Mehr zur komplexen europäischen Lage im vergangenen Jahrzehnt muss man sich
andernorts anlesen. Der Film konzentriert sich auf die Manipulations- und
Korruptionsvorwürfe, die nach dem Bruch mit der FPÖ und der glorreich
gewonnenen Wahl zur zweiten Amtszeit ab 2019 ans Licht kamen.
Die Ministerien hatte Kurz durch Generalsekretäre, seine „Prätorianer“,
unmittelbar unterstellt. In ständigem Chat-Kontakt setzten sie für ihn
Themen und Kampagnen, oft über das ministerielle Personal hinweg und nicht
selten mit krimineller Energie.
## Eine Warnung vor der Rückkehr
Im Zuge der parlamentarischen Aufarbeitung kam es zu gerichtlich
erzwungenen Razzien und einer mysteriösen Schredder-Aktion von Festplatten
des Finanzministeriums.
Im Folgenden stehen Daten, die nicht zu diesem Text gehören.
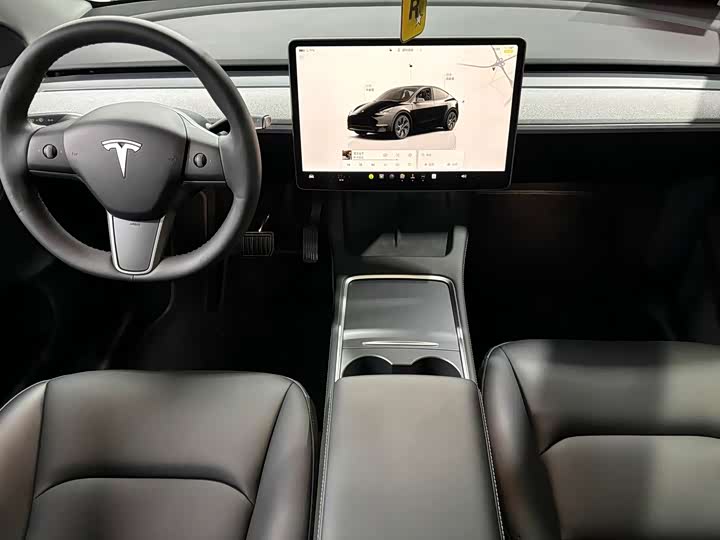 Фото 8 - Tesla Model Y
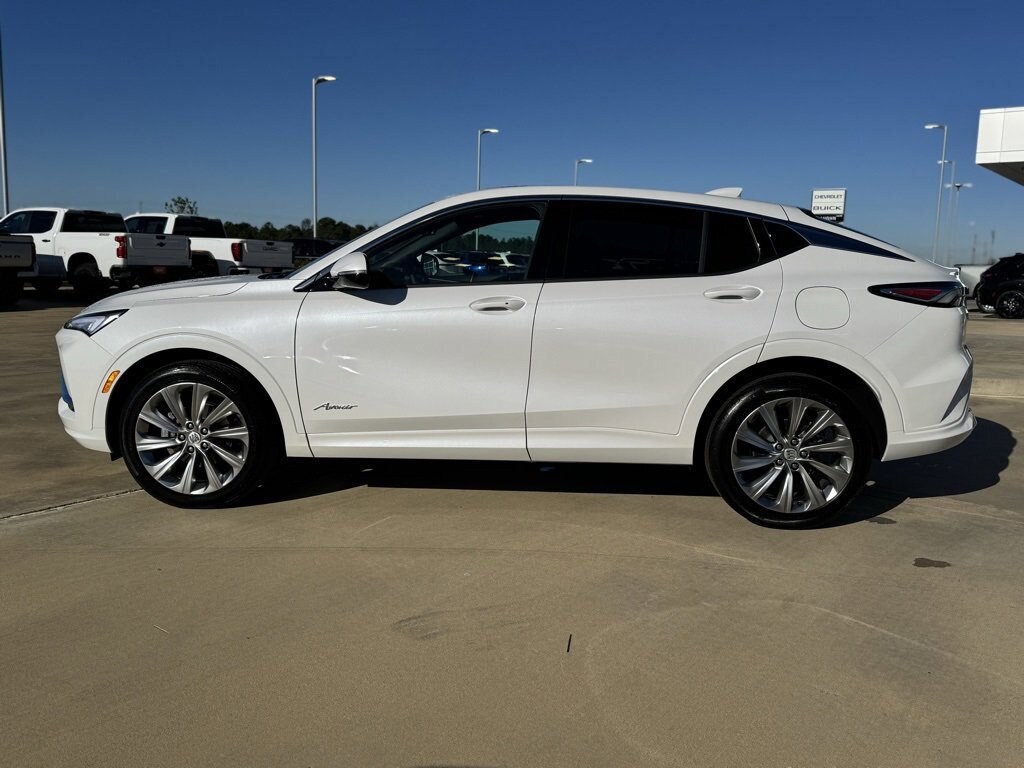 New 2025 Buick Envista Avenir SUV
Verdachtsmomente, nach denen Kurz als
Spitzenkandidat 2019 durch Fake-Umfragen und Medienkampagnen gepuscht und
für solche Gefälligkeiten Steuergeld abgezweigt worden war, liegen den
Gerichten vor. Aus den dreist-zynischen Chats der Buddies mit Kurz, nicht
zuletzt ein Sargnagel für seine Karriere, zitiert Kurt Langbein lakonisch.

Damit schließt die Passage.